The ministry said in the circular that Victory Day celebrations for laying wreaths will be held with participants wearing protective face masks and heeding social distance rules. The participants will include one representative each from the parliament’s political parties, public institutions, and veteran and martyr foundations, according to the circular.
The citizens can hang Turkish flags from their houses’ windows and balconies, but other celebratory events, besides the official ones mentioned in the circular, will not be allowed.
After the ministry’s circular, many took to social media to criticize the decision, interpreting as “not allowing” any celebratory events for the Victory Day. They asked why the opening of the Hagia Sophia to Muslim worship was allowed despite the participation of 350,000 people.

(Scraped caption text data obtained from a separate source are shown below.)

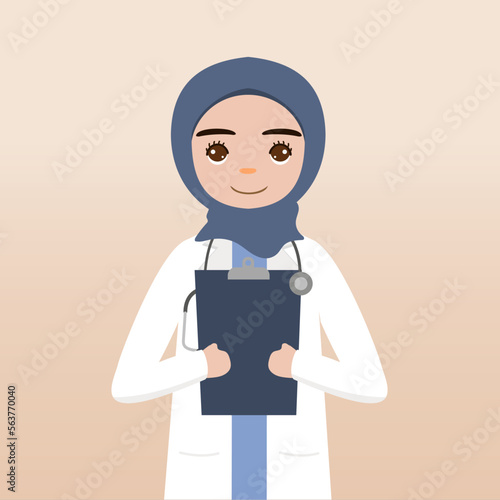 Front view hijab doctor character. Doctor character creation face emotions, pose and gesture. Cartoon style, flat vector illustration.Female hijab doctor finger pointing up, holding clipboard.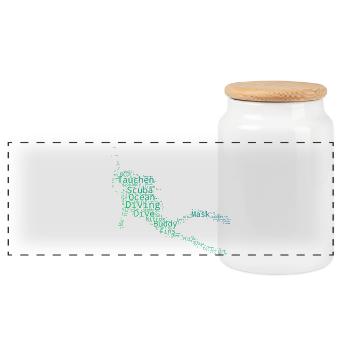 Scuba Diving Geschenkidee für Unterwasserabenteuer - Panorama Keksdose mit Holzdeckel - Weiß - Vorne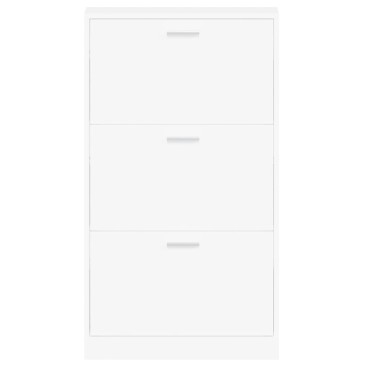 vidaXL Παπουτσοθήκη Λευκή 59x17x108cm από Επεξεργασμένο Ξύλο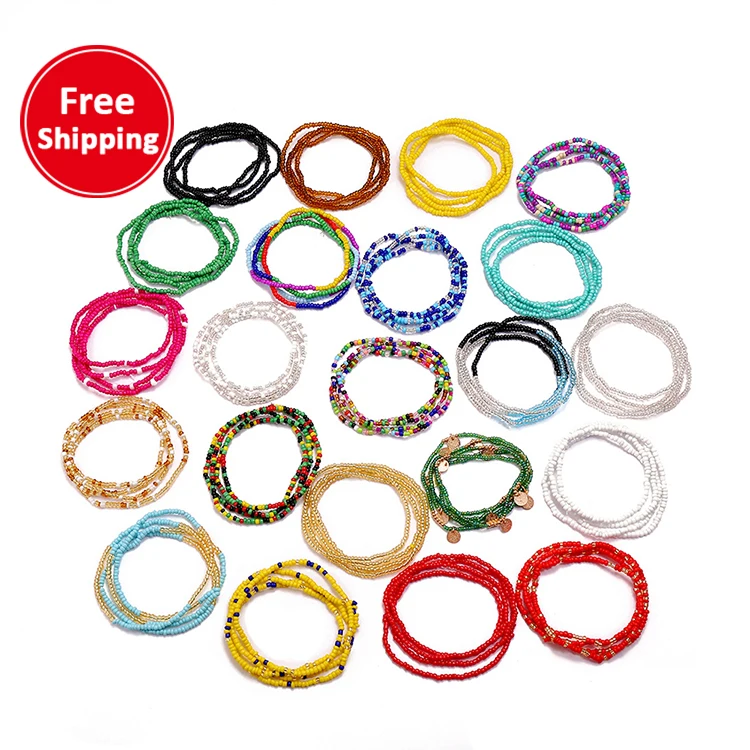 

free shipping/dorp shipping Multi-layer handmade colorful rice bead beach chain popular waist chain women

Main opposition Republican People’s Party (CHP) group deputy chair Engin Özkoç said in a tweet that “no ban can prevent celebrations.”
But the Interior Ministry on Aug. 23 refuted claims about any prohibition on the celebrations in a written statement.
The ministry’s statement underlined that the circular issued on Aug. 29 included precautionary measures to be taken due to the novel coronavirus outbreak and did not imply any ban on the events.
“Within this context, since the fight against the COVID-19 outbreak started, we ask our governor’s offices to take some measures as well as restrictions to prevent crowds from not abiding by physical distancing rules, like any other religious and national holidays,” the statement said.
The statement also added that it is an “obligation” to complete all events in line with measures at a time when the country’s coronavirus caseloads have been surging.